Trouble is, when we sell milk, we agree to let our nice cooperative sell it for us, they pool ours (at 100,000 SCS) with our lazy neighbors (at 400,000 SCS) and by the time it gets to town, the entire load is near 300,000 SCS, thus not salable to bottle at $17, so we powder it and get $10.      The “blended” price comes out at $13.50, where (as we all know from 2009) none of us made any money.    By rights, if the auctioneer (the “free market”) was allowed to sell your quality separately from your sloppy neighbor, you would have received $17, and your neighbor would receive $10.    If the checks flowed in that manner, our Utah friend would be proud to say “my milk is different from your milk” – in other words, he would have been fully paid for his effort as a “good” dairyman.     His decision to go with the peer pressure and not seek a better price, leads him to believe (and write) what are really unsupportable statements.
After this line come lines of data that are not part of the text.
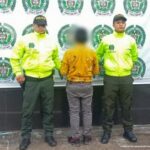 El hombre aparece de espalda a la cámara, está esposado con sus manos al frente y custodiado por uniformados de la policía nacional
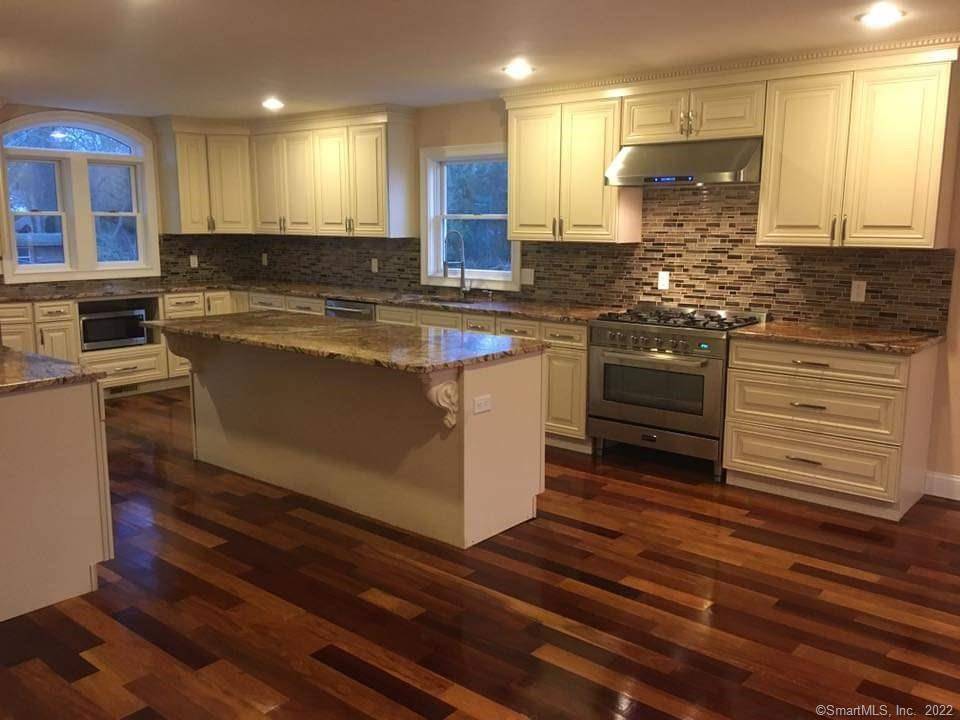 Prepare to be amazed by this deceptively modest exterior that opens into a 2, 400 sq ft beautiful home.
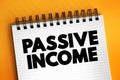 Passive income - regular earnings from a source other than an employer or contractor, text concept on notepad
We cannot blame consumers, congress or USDA (well, maybe a little, they forced cooperative marketing and commodity definition on all of us), the economy, bankers, chemical companies, European subsidies and tariffs, the Canadian quota system, the weather, or environmentalists for our lack of profitability.    We must blame ourselves, for avoiding any responsibility for the  competent marketing of our production, and for allowing “pooling” (and minor considerations like hauling costs, linked by bad marketing decisions to pooling) to destroy all our efforts and opportunities at differential pricing on quality.